### WORK ITEM
From the entries that follow, report every line in which "party" occurs.

::: DATA :::

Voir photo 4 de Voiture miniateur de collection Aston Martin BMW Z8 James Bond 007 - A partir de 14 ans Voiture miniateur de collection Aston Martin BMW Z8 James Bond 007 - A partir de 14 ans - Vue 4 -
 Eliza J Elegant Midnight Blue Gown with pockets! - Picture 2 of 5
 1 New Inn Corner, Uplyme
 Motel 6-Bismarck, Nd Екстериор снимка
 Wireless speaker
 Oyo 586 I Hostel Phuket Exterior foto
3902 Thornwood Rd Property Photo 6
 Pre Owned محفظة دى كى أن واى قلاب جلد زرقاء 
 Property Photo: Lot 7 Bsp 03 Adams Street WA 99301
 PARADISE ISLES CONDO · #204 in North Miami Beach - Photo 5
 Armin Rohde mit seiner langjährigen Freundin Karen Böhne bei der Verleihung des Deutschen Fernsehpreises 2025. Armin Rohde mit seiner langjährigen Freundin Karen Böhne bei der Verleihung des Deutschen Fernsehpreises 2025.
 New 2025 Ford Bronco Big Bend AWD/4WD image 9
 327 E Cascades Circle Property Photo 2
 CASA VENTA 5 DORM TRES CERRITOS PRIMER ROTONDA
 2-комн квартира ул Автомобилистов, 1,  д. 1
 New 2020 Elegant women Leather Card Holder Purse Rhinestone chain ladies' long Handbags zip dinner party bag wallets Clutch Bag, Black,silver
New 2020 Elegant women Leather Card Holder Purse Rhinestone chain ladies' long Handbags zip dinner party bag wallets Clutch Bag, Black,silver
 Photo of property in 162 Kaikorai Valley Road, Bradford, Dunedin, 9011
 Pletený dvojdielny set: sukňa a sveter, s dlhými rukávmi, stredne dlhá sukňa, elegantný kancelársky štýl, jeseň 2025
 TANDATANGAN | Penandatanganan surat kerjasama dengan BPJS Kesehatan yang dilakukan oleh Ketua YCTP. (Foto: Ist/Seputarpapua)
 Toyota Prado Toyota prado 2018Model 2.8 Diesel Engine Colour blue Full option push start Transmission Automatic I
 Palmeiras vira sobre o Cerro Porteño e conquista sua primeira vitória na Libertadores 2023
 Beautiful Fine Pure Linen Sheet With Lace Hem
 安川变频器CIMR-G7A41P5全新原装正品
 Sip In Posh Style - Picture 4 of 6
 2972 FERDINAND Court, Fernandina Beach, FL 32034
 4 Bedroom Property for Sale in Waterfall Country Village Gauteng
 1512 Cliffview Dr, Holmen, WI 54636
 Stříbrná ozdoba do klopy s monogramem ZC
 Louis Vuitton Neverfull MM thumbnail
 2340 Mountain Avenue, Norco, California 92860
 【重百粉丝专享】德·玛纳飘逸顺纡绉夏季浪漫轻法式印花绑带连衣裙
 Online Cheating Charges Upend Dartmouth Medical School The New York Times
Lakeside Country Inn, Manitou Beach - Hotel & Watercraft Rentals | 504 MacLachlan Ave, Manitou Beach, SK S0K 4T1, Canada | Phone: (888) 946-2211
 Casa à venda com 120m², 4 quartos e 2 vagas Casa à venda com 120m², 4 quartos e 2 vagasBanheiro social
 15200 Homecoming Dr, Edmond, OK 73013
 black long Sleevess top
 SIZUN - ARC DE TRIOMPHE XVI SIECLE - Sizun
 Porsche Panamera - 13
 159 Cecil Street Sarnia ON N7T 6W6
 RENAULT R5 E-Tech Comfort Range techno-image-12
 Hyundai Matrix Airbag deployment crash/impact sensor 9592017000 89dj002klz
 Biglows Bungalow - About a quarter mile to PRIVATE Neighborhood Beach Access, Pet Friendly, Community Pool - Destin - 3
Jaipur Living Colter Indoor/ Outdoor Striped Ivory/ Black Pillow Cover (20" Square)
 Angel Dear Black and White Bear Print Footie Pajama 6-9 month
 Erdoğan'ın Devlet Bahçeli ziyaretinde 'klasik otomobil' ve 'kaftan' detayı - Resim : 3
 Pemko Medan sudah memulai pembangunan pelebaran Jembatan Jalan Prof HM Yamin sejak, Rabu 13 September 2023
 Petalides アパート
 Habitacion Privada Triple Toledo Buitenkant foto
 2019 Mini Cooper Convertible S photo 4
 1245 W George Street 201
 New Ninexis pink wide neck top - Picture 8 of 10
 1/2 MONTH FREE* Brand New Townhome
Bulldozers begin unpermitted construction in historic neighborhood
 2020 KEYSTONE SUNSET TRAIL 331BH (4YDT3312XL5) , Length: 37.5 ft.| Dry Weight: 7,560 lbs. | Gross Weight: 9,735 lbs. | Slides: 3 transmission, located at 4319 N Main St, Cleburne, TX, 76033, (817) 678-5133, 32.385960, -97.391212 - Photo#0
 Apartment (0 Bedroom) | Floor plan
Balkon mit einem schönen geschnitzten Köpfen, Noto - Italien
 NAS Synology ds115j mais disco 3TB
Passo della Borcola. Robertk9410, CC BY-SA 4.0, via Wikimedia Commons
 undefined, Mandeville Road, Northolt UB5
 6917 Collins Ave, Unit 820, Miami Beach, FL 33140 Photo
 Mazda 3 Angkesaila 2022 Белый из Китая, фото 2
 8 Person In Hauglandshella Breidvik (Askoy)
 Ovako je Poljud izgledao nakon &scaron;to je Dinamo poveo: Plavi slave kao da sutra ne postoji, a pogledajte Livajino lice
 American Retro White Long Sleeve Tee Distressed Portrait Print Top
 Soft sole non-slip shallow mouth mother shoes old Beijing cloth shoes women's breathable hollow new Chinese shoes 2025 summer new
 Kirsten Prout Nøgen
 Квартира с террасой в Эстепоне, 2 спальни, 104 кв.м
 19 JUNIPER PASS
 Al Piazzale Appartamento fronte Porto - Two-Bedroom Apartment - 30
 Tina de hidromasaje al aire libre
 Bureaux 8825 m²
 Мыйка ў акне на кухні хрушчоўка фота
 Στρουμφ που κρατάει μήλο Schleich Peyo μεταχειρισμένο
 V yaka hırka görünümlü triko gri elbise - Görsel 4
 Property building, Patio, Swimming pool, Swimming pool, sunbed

:::

### EXERCISE OUTPUT
 New 2020 Elegant women Leather Card Holder Purse Rhinestone chain ladies' long Handbags zip dinner party bag wallets Clutch Bag, Black,silver
New 2020 Elegant women Leather Card Holder Purse Rhinestone chain ladies' long Handbags zip dinner party bag wallets Clutch Bag, Black,silver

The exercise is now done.